Georgia strips former-president Saakashvili of citizenship in wake of Ukrainian role
Georgia has stripped former president Mikheil Saakashvili of his citizenship, more than six months after Kiev appointed him governor of Odessa in Ukraine. He has become one of Moscow's arch enemies.
The decision was a foregone conclusion as the Georgian constitution does not allow dual nationality.
"Based on the law of Georgian citizenship, President Giorgi Margvelashvili signed a decree terminating Mikheil Saakashvili's citizenship due to his acquisition of a foreign country's nationality," Margvelashvili's press service said in a statement on Friday.
Saakashvili acquired a Ukrainian passport after President Petro Poroshenko named him governor in May this yearof the strategically important port of Odessa just across the Black Sea from the Crimea peninsula.
Friday's decree is "yet another example of employing legal instruments for political persecution," said Nugzar Tsiklauri, an opposition member of parliament in Georgia.
The appointment of the fervently pro-Western Saakashvili was viewed as a signal to Russia that Ukraine remained set on a pro-European course despite the crisis in its eastern regions.
The 47-year-old former Georgian president came to power after the famous Rose Revolution in 2003 and soon became Moscow's arch-enemy for his pro-West stance.

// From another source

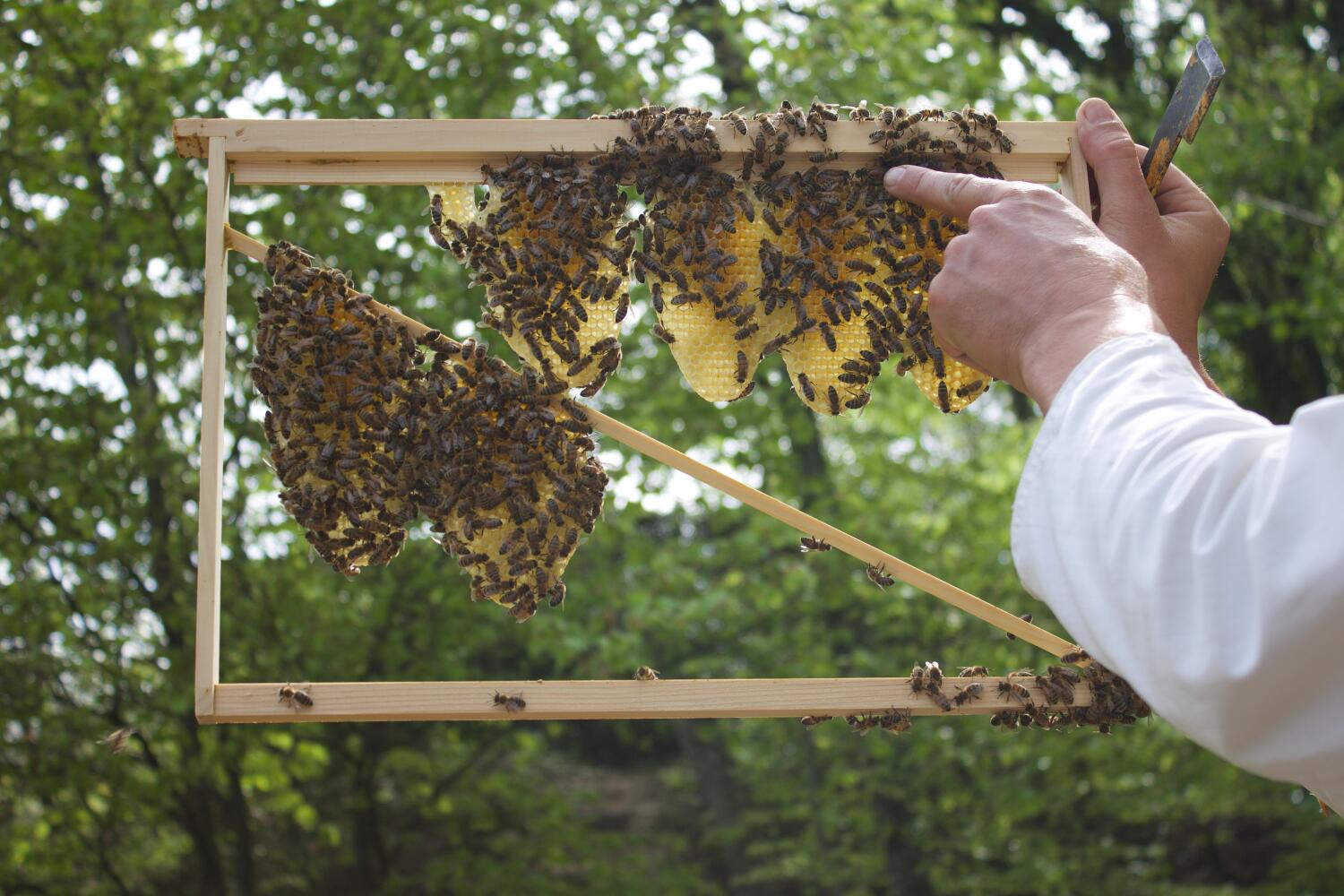 Initiation à l’apiculture douce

He is credited by the West for pulling the small ex-Soviet state out of Russia's influence. Under Saakashvili, Georgia also fought a brief war with Russia in 2008, in which the country lost control of two of its separatist regions.
Georgia meanwhile has issued an arrest warrant against Saakashvili on charges that he abused his powers. The former Georgian president insists the charges are politically motivated.
Several of Saakashvili's top allies in Georgia have been investigated and some jailed after the defeat of his United National Movement (UNM) party in parliamentary and presidential elections in 2012 and 2013.